--- START ---

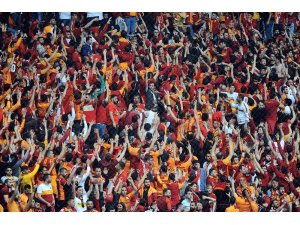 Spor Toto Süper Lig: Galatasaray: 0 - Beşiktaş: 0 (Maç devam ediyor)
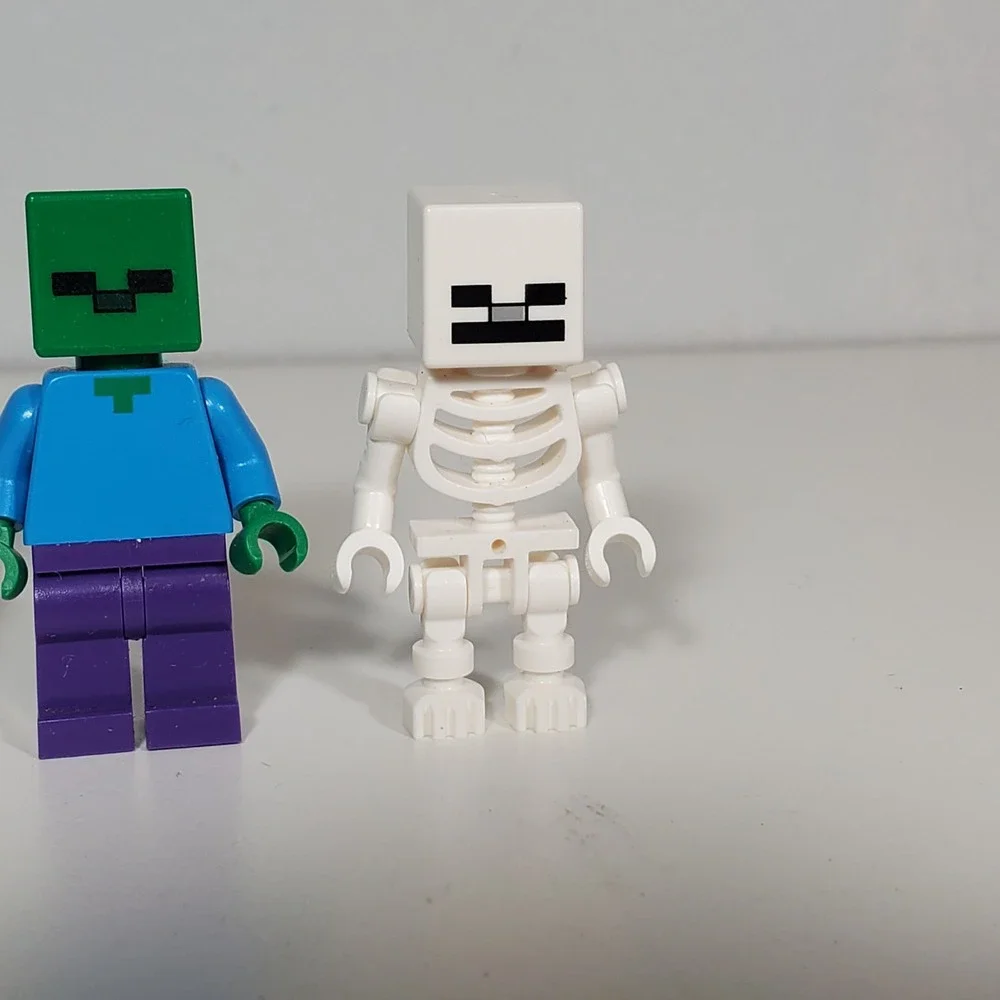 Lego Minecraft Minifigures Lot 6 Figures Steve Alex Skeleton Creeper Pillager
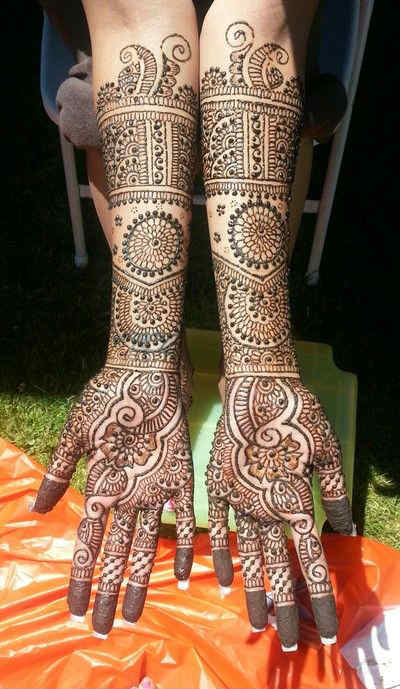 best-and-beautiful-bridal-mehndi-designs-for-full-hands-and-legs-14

--- END ---

#### [YOUR TASK]
Your output must reproduce the material above in full, with no pictures.

#### [EXPECTED OUTPUT]
 Spor Toto Süper Lig: Galatasaray: 0 - Beşiktaş: 0 (Maç devam ediyor)
 Lego Minecraft Minifigures Lot 6 Figures Steve Alex Skeleton Creeper Pillager
 best-and-beautiful-bridal-mehndi-designs-for-full-hands-and-legs-14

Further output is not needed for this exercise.